Apuração aponta que TCE pagou R$ 80,7 milhões a empresa que contratou parentes de conselheiros
Despacho do STJ (Superior Tribunal de Justiça) mostra que empresa contratada pelo TCE-MS (Tribunal de Contas do Estado de Mato Grosso do Sul), com recursos recebidos na ordem de R$ 80 milhões, contratou pessoas vinculadas a conselheiros da Corte Fiscal e a políticos locais, para desempanhar funções as quais sequer tinham conhecimento técnico.
“Apontando se tratarem de funcionários “fantasmas” para o superfaturamento dos contratos firmados com as citadas empresas (peculato, previsto no Art. 312 do Código Penal) e consequente pagamento de propinas (corrupção passiva, prevista no Art. 317 do Código Penal)”, traz um dos trechos do documento.
A informação está no relatório do ministro do STJ, Francisco Falcão, que autorizou buscas e cumprimento de mandados da Operação Mineração de Ouro, a partir de investigações da PF (Polícia Federal) sobre suposto envolvimento dos conselheiros da Corte Fiscal, Waldir Neves, Osmar Jeronymo e Ronaldo Chadid.
Segundo os autos, a empresa Dataeasy Consultoria e Informática recebeu R$ 80.743.353,78 entre 2018 e 2020. Contrato de n° 003/2018, entre TCE-MS e a empresa, foi firmado em 21 de janeiro de 2018, com valor inicial de R$ 21.500.000,00, prazo de 12 meses e objetivando ‘contratação de empresa prestadora de serviços de apoio técnico às atividades de tratamento das informações’.
No decorrer da investigação, e junto com a Controladoria-Geral da União, foi identificada relação do conselheiro Osmar Domingues Jeronymo com Pedro Bedoglim Junior, que figurava no quadro de funcionários da empresa de consultoria em informática.
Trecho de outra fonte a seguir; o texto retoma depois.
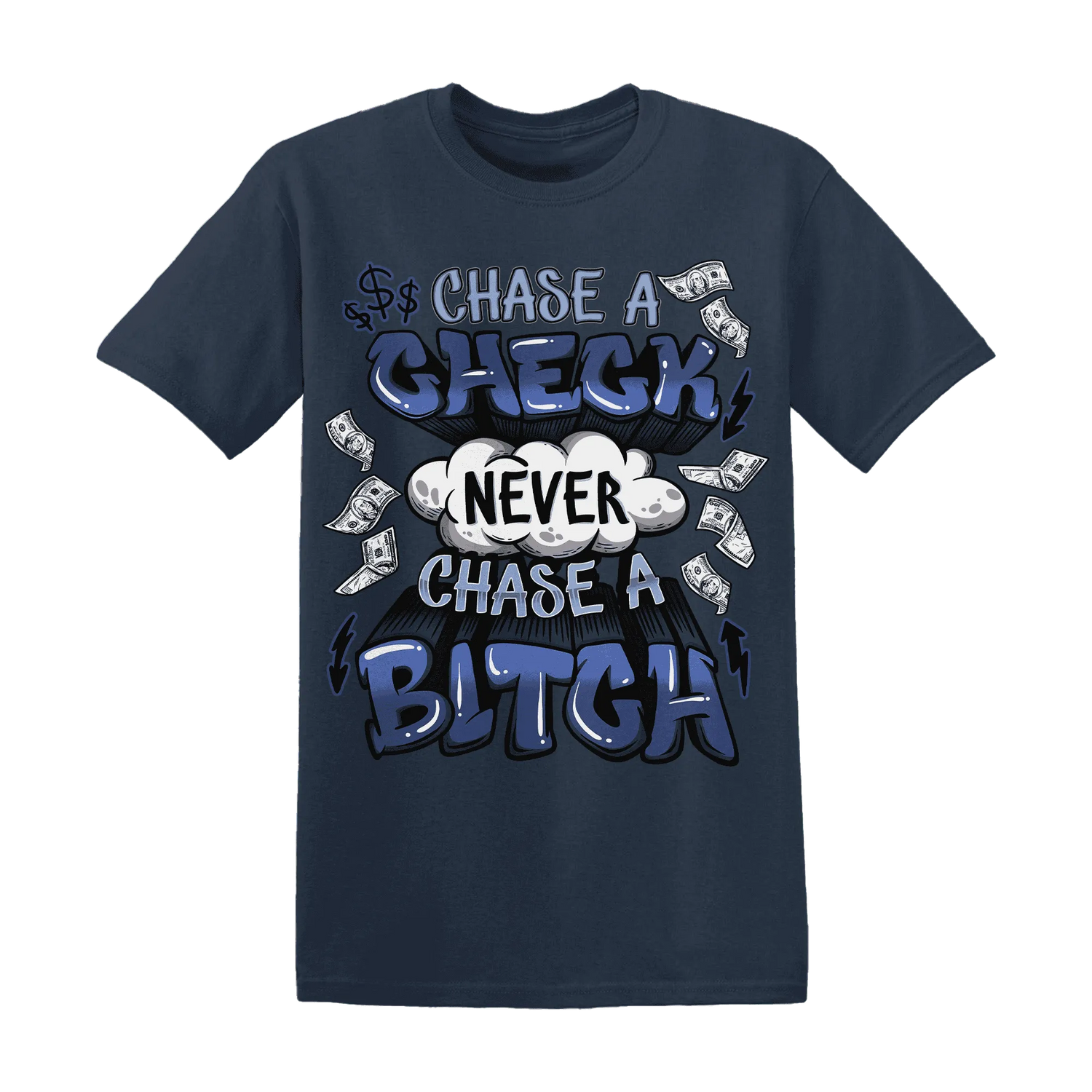 Midnight-Navy-5s-T-Shirt-Match-Chase-A-Check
Segundo o relatório, as diligências ‘indicam a possível prática de desvio de recursos públicos de lavagem de dinheiro’.
Outro dado que demonstra incongruência é o número de funcionários que a Dataeasy passou a ter após a assinatura do primeiro contrato com o TCE. De 34 em 2017, chegou em 118 no ano seguinte. “Ainda, desses 118, apenas 18 já estavam trabalhando na empresa ou já haviam trabalhado nela antes, ou seja, foram contratados 100 novos funcionários nesse ano. A média do número de funcionários da empresa entre os anos de 2007 e 2017 foi de apenas 26”. Tais informações mostram ‘o impacto do contrato firmado com o TCE’.
Sem conhecimento técnico
A nota técnica cita que há ‘fortes indícios’ de que as pessoas contratadas pela empresa não tinham conhecimento técnico na área, o que reforça a tese de contratação fantasma para o ‘superfaturamento dos contratos firmados com as citadas empresas’. Um dos contratados é advogado, Willian das Neves Barbosa Yoshimoto, segundo consulta no Diário da Justiça de Mato Grosso do Sul, com movimentações em processos judiciais recentes, bem como no site Escavador, que apontou 114 processos relacionados ao profissional da área jurídica.
“Apesar de ser advogado ativo, ele foi admitido na DATAEASY em 05/03/2018 como administrador de redes e de sistemas computacionais com a maior remuneração da empresa, sendo que seu último salário base registrado (dez/2019) foi de R$ 15.194,00, valor que nunca havia sido registrado pela empresa antes, para nenhum funcionário”.
O advogado é filho do primo de Waldir Neves, conselheiro do TCE, e também aparece como sócio da Mineraodra Betione, ’empresa da qual o irmão de Waldir Neves, Vanildo Neves Barbosa, é sócio’. Terceiro sócio da mineradora é João Nercy Cunha Marques de Souza, servidor comissionado do TCE-MS desde 2014 no cargo de assessor de direitoria, cujo salário em 2018 era de R$ 18.041,00.
Além dele, ao menos mais 8 pessoas teriam sido contratadas sem ter conhecimento na área. Algumas delas já possuíam vínculo anterior com a Corte Fiscal, seja como comissionadas ou por meio de empresas contratadas para serviço – neste sentido, são citadas a Cast Informática S/A e Seleta Sociedade Caritativa e Humanitária.